### WHAT YOU NEED TO DO
Excerpt from the entries below: please repeat exactly the lines from the one containing "Veto y Fer: &ldquo;Nos" through the last one, both ends included, with no pictures.

### PROVIDED DATA

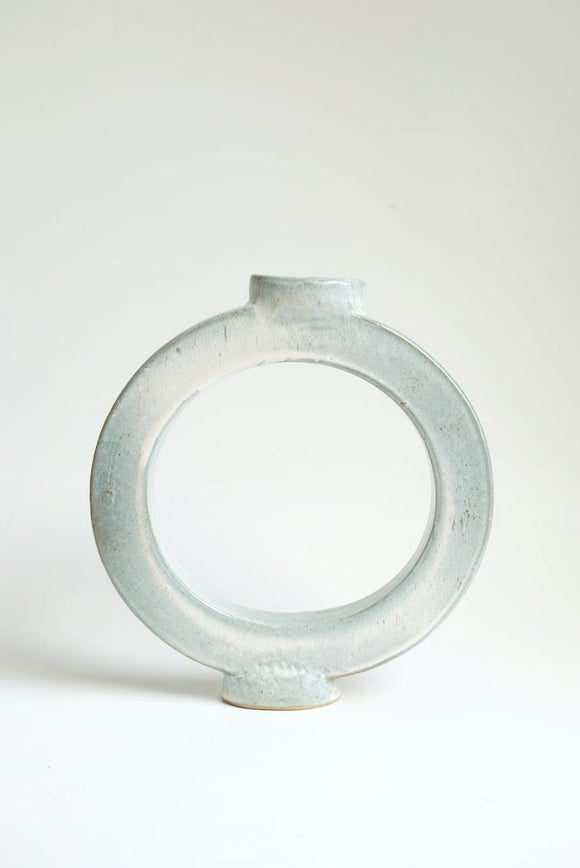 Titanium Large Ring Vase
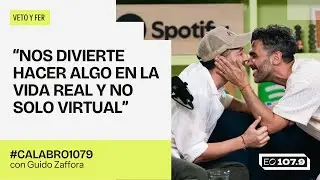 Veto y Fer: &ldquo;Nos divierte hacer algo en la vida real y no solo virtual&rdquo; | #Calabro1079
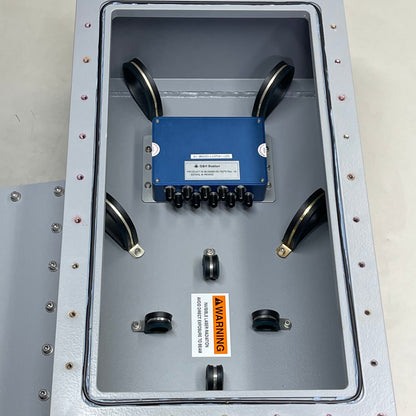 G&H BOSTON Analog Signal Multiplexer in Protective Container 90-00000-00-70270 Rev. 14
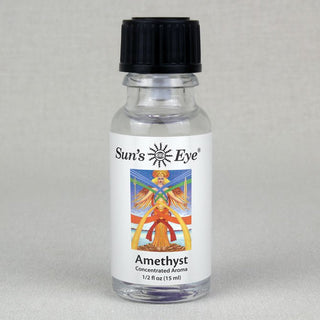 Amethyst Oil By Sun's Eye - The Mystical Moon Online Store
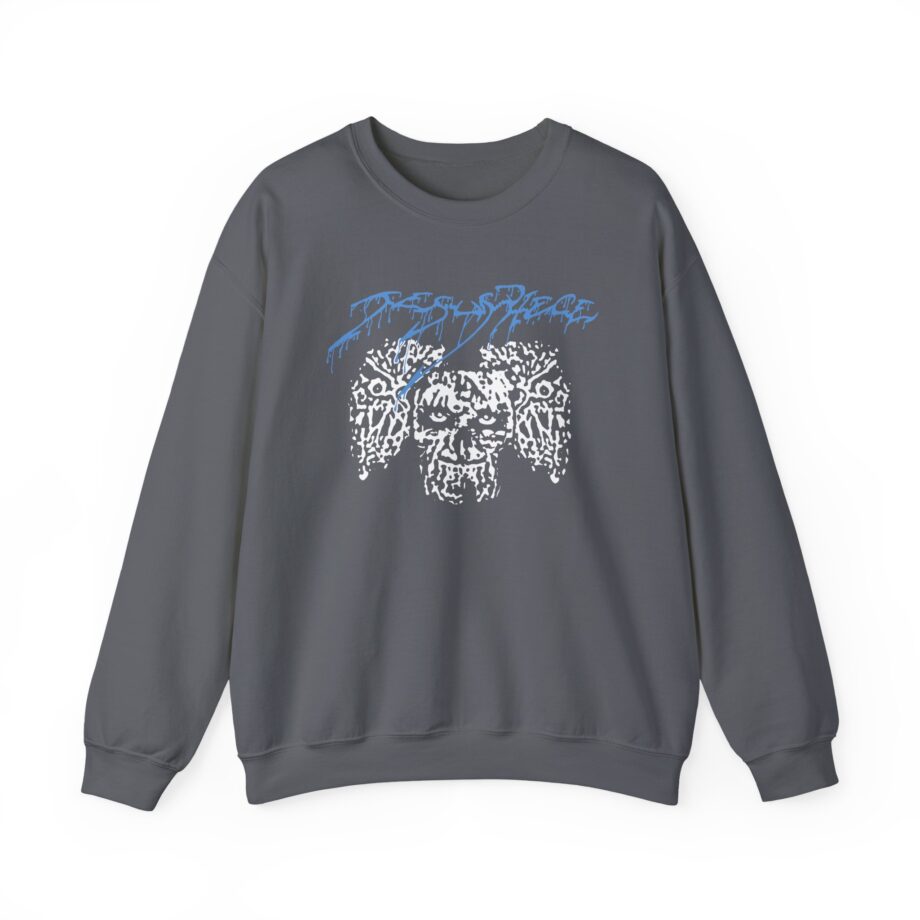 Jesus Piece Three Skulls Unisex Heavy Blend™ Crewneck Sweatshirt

### TASK RESPONSE
 Veto y Fer: &ldquo;Nos divierte hacer algo en la vida real y no solo virtual&rdquo; | #Calabro1079
 G&H BOSTON Analog Signal Multiplexer in Protective Container 90-00000-00-70270 Rev. 14
 Amethyst Oil By Sun's Eye - The Mystical Moon Online Store
 Jesus Piece Three Skulls Unisex Heavy Blend™ Crewneck Sweatshirt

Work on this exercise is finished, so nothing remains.